I am thoroughly enjoying this series.   The first book was excellent, and the second shows that there is a lot more going on in the world.

Red Seas Under Red Skies revolves around our two principle characters: Locke Lamora and Jean Tannen.  Thieves by trade.  The two of them have left Camorr (after the events of The Lies of Locke Lamora) and found themselves in Tal Verrar – ready to run a heist against a massive casino called the Sin Spire.  I love that name.  Honestly, someone in Las Vegas should totally name a casino the Sin Spire.

But, the heist is not without its issues.  There is more going on in Tal Verrar than just business as usual.  There is a massive power struggle happening, and as you might expect, Jean and Locke get mixed up in the middle of it.

The story runs a good clip.  Clearly, Mr. Lynch did a bang-up job on research for this story.  You can’t just look up words for things on a sailing vessel; you have to learn a bit to understand how sail plans work and such.
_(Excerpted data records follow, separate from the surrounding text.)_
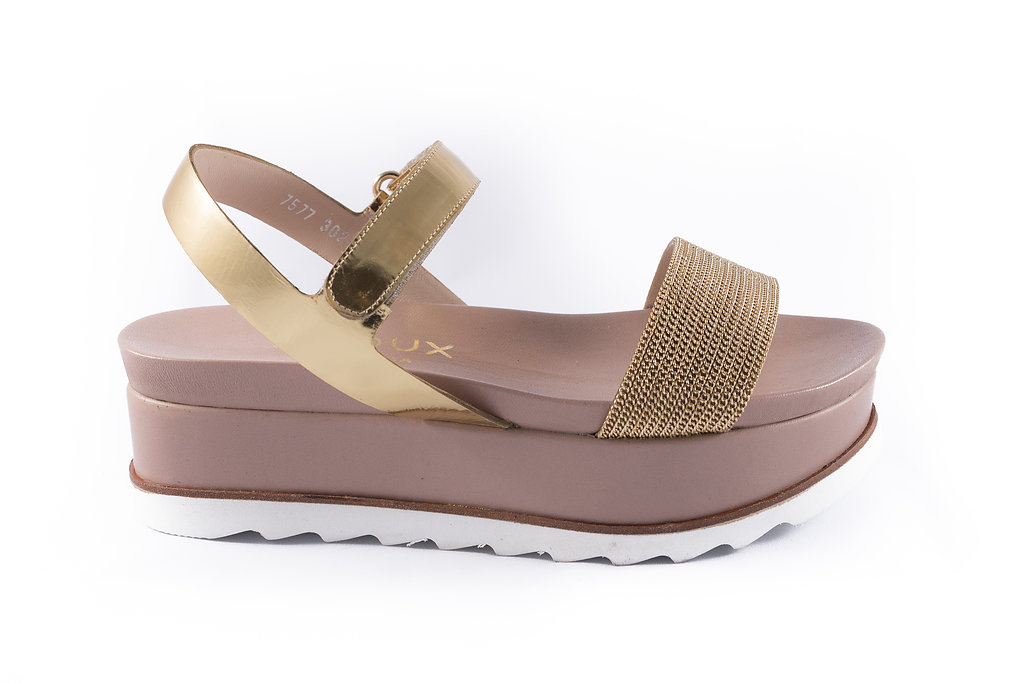 Sandalia Plataforma C-Doux Oro y Nude Tienda Online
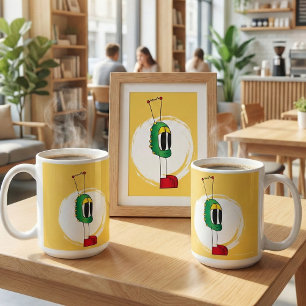 Mug Personnage de dessin animé drôle, coloré et origin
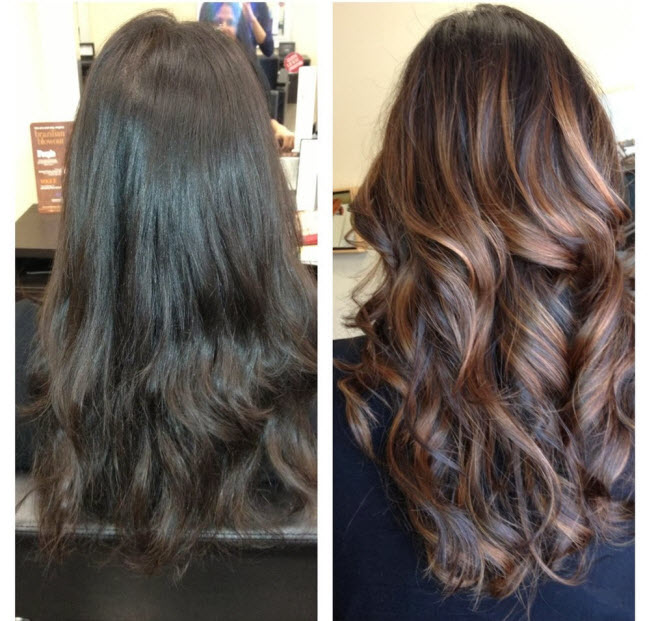 Barvení Balayage: před a po fotografiích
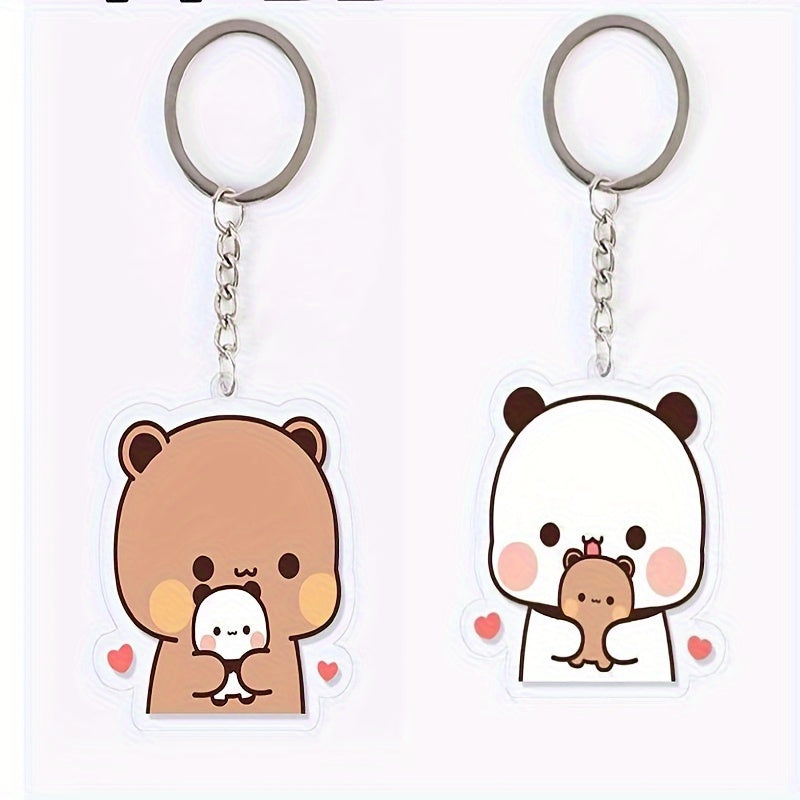 New fashion couple keychains featuring cartoon design made of acrylic material, perfect for accessorizing a cute school bag. This couple keychain set is a charming gift idea for student couples.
Overall I would give the story a B+.  Some parts that felt a bit rushed and the conclusion of one of the major sub-plots was a bit hasty.  Otherwise, this was an excellent story.  I will offer that this book is not intended for children.

Mr. Lynch has created an incredible world, with a great deal of complexity.  There is a full pantheon of gods – complete with worshippers and rites.  There are superstitions and powerful groups who shouldn’t be crossed lightly.  I will certainly be (in fact, I already have started) reading the third book The Republic of Thieves.
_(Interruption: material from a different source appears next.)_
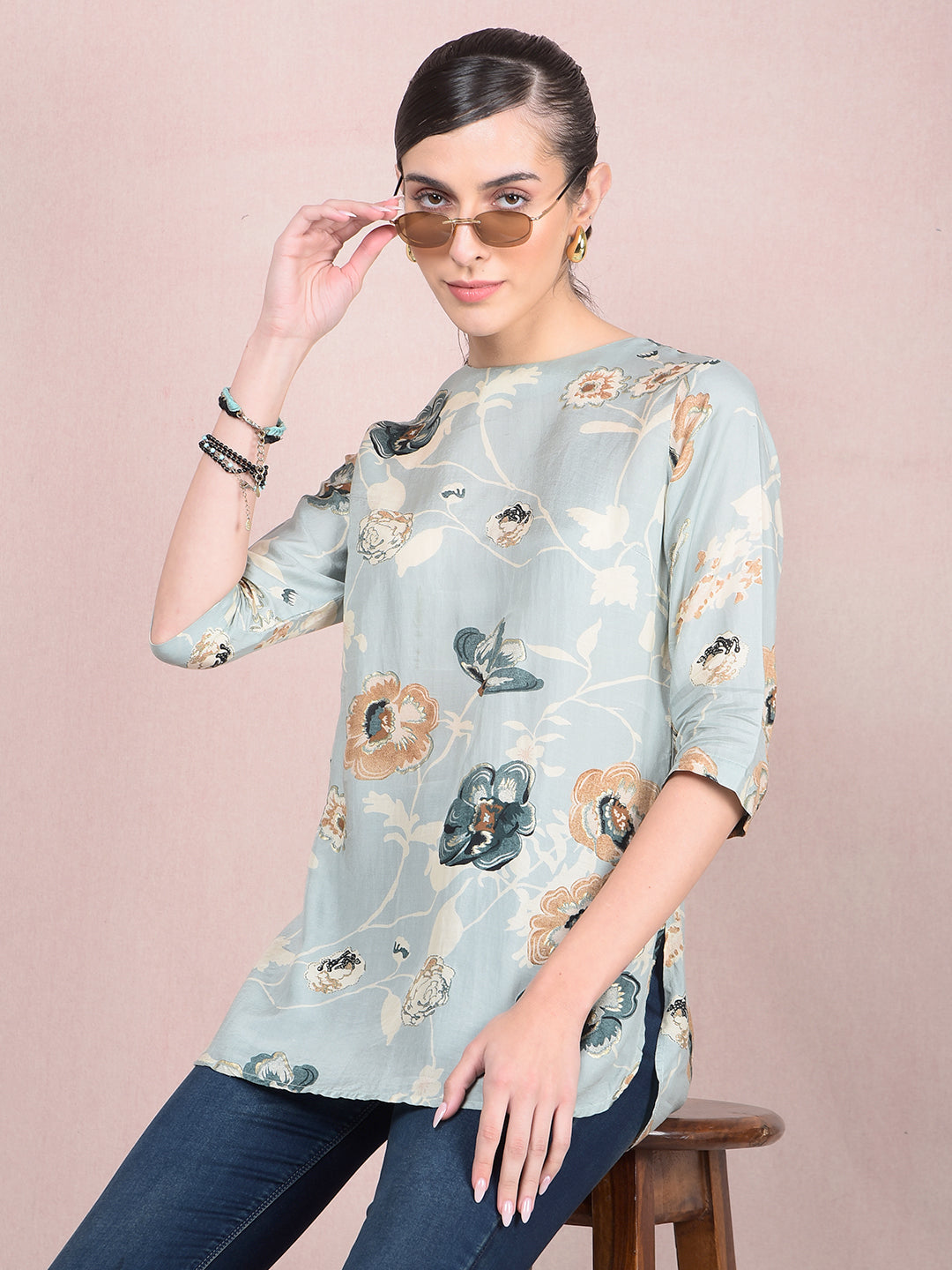Green Floral Print Top-Women Tops-Crimsoune Club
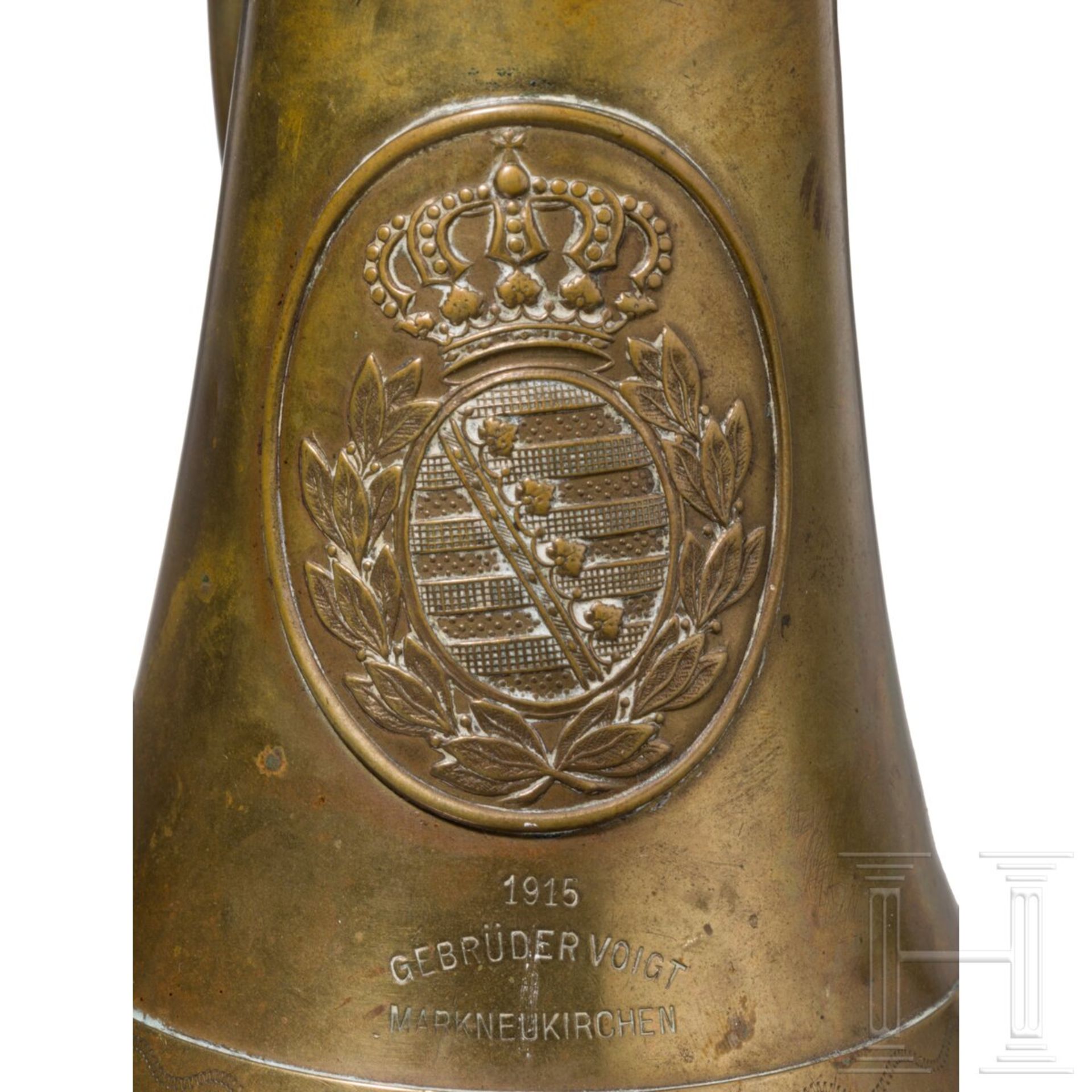 Signalhorn für die sächsische Infanterie im Ersten Weltkrieg, datiert 1915 - Bild 3 aus 3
Review: The Lies of Locke Lamora

Where to begin?

So as some of you may recall, I recently picked up one of Scott Lynch’s books.  Sadly, it was book 3 (I swear I didn’t know!) of an established series: The Gentleman Bastard Sequence.  Upon my realizing my mistake, I returned to my audiobook purveyor of choice (Audible) and grabbed the first book: The Lies of Locke Lamora.  I finished the book yesterday, and now I am ready to write my review.  I will try to avoid spoilers on the story, but I will say that some spoiler-ish things are going to be said.  Such as Locke Lamora survives the book, this should be obvious as there are three books currently published in this series, and Locke Lamora is the main character.  So, if I spoil something of the story here, I apologize. 
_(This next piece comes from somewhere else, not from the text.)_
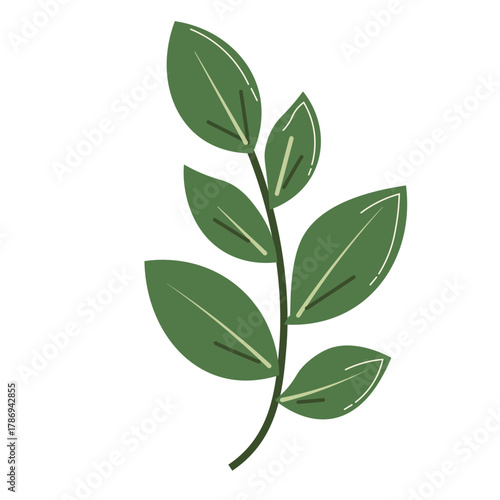 Deep green leaf cluster on stem, ideal for forest, garden, or minimalist botanical design and scrapbook layouts.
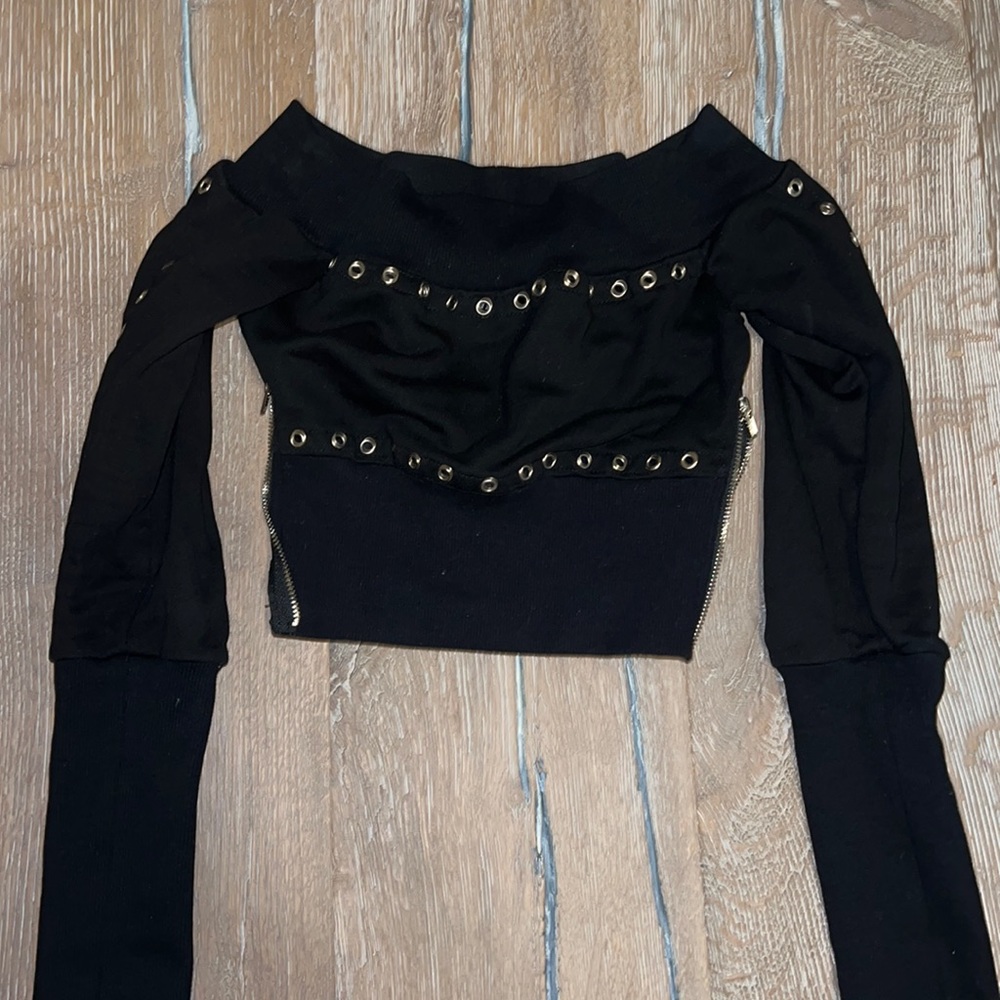 Black studded crop top — long sleeves, I Am Gia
Grade: A-  Trust me, it’s very difficult for a book to earn a perfect score, but this book was (by my measure) really flipping great.

I will give you the distilled version of this review upfront: Buy this book.  Read this book.  I enjoyed it thoroughly, and I believe you will as well.

Now the longer version:

The story revolves around a thief named Locke Lamora.  What a great name.  As an old-school fan of comics, alliterative names are just fun.  Locke is an amazing con man with a very colorful past.  A good deal of Locke’s early life is told through a series of interludes. It is during these interludes that we learn of how he became a thief and how he met the thieves with whom he works: The Gentlemen Bastards.  Again, another great name.  I will not spoil any of his backstory here, but I will offer that if Mr. Lynch decided to write a series of stories about Locke and the rest when they were young thieves, I’d buy it.

Fundamentally, the story is about a massive con game.  Not trying to give anything away, and I will explain no more of it in detail. The story manages to maintain a splendid pace, and the action sequences have been written extremely well.  So well as to make me wonder what if any, martial arts Mr. Lynch has studied.  There are many colorful characters and brilliant twists.  I would love to tell you about a twist near the end of the story that had me in stitches, but that would spoil the fun.

The narrator, Michael Page was brilliant.  So if you are a fan of audiobooks (I most assuredly am), I recommend it.  If you are a fan of words on a page (including e-readers), this book is still a fun read.

Am I an idiot for writing a review of a book that is now eight years old?  Perhaps.  But, I did promise to write a review of the book to make amends to Mr. Lynch for missing the first two books.  Will I continue to read the series: that’s a definitive: YES.  I found the story and characters to be very interesting.  I think that Mr. Lynch’s world-building skill is amazing, and I look forward to seeing what comes next.